McDonald's wins libel case
Fast-food giant McDonald's won a record-breaking libel case against two vegetarian activists yesterday, although the judge said some of the criticisms of the company were correct.
In a 313-day trial, the longest civil case heard in an English court, Justice Rodger Bell heard testimony from 180 witnesses before announcing he had decided to award McDonald's damages of GBP60,000 (HK$757,000). The 'McLibel' trial is estimated to have cost McDonald's GBP10 million.
'The majority of the defamatory statements I found to be untrue.

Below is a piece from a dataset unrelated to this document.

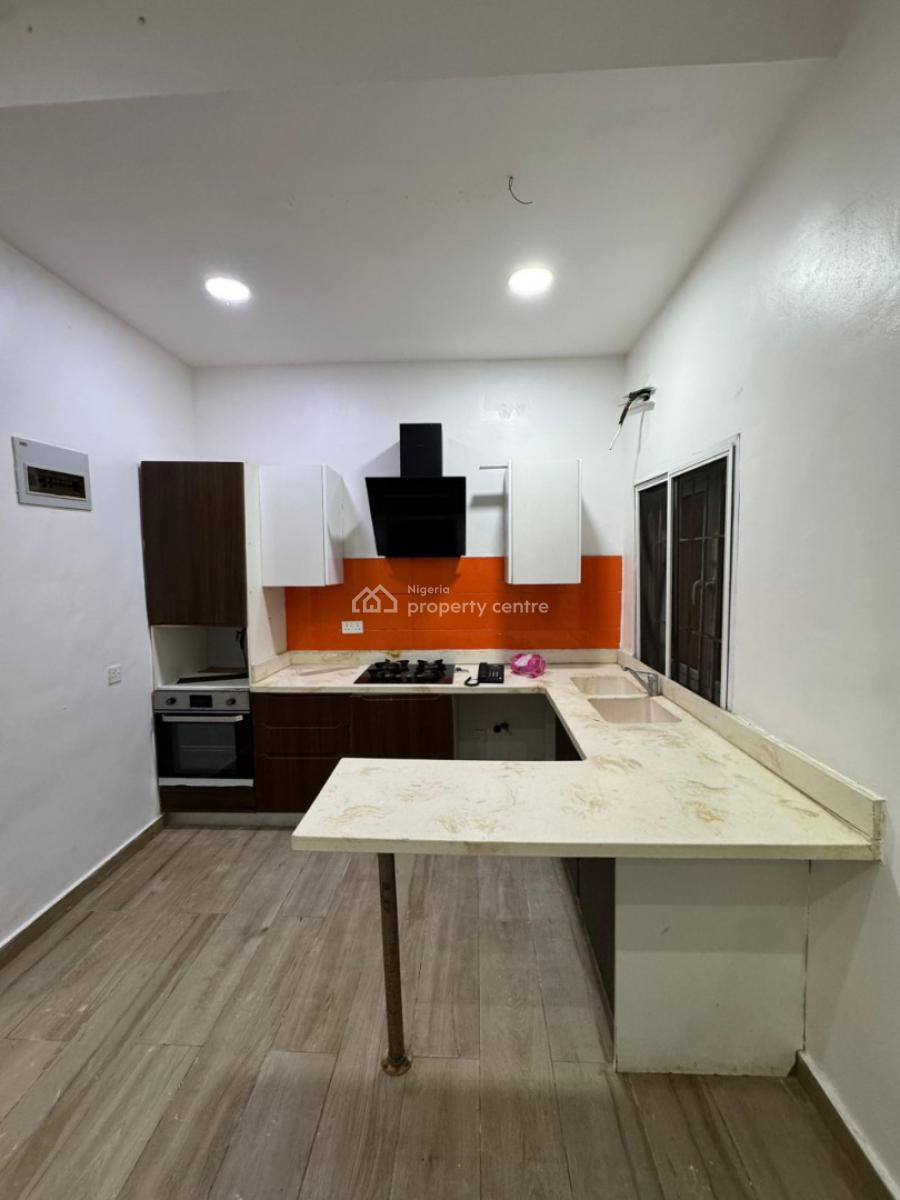 Well Maintained Spacious 1bedroom Flat Apartment, in a Secured Estate Off Admiralty Way, Lekki Phase 1, Lekki, Lagos, Mini Flat (room and Parlour) for Rent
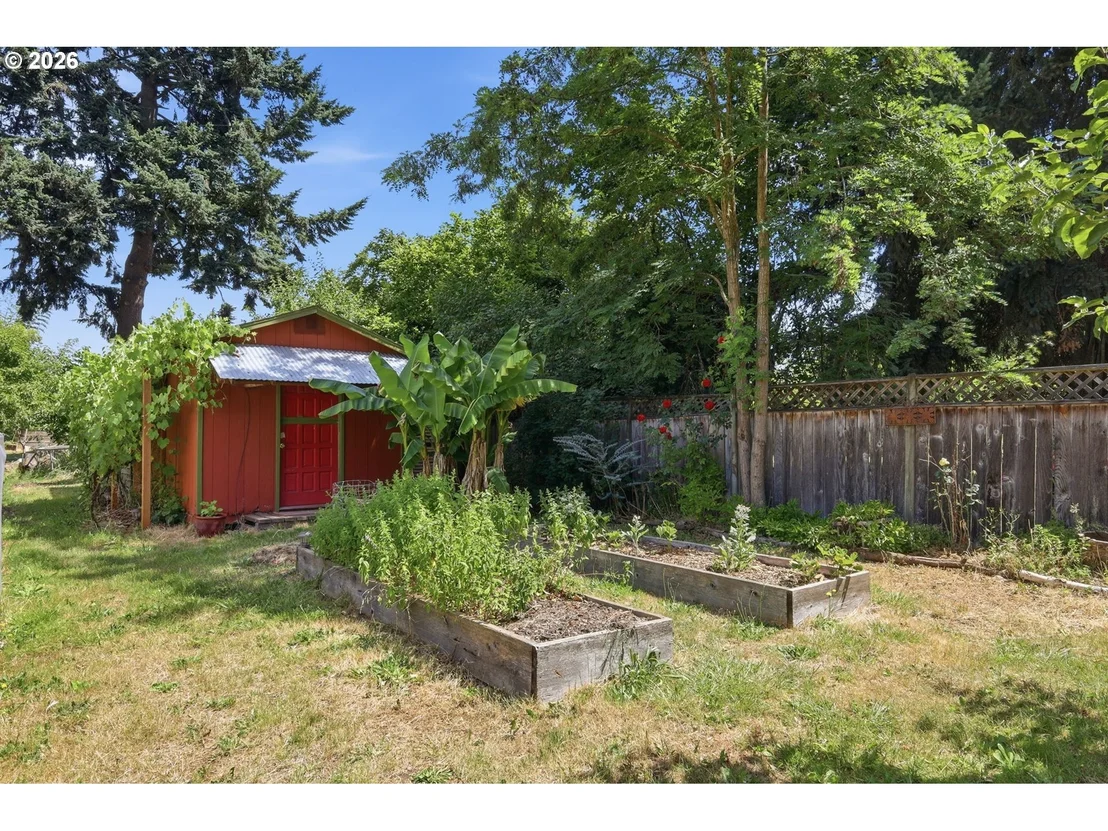 Photo of 605 KOURT DR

Others were true,' Mr Justice Bell said in a two-hour summing up of his three-volume, 800-page judgment.
The six-page pamphlet, produced in 1984 by unemployed ex-postman Dave Morris and part-time bar worker Helen Steel, accused McDonald's of abusing animals, workers and the environment, causing starvation in developing countries and promoting an unhealthy diet.
The judge found the claims largely untrue, but did agree that McDonald's paid low wages - although its workers were not badly treated - and was responsible for cruel treatment of animals, including laying hens kept in small cages their entire lives, and other chickens that are conscious as their throats are cut.
Morris, 43, and Steel, 31, were unable to pay for lawyers in the defence of their case, and had to formulate their own legal defence.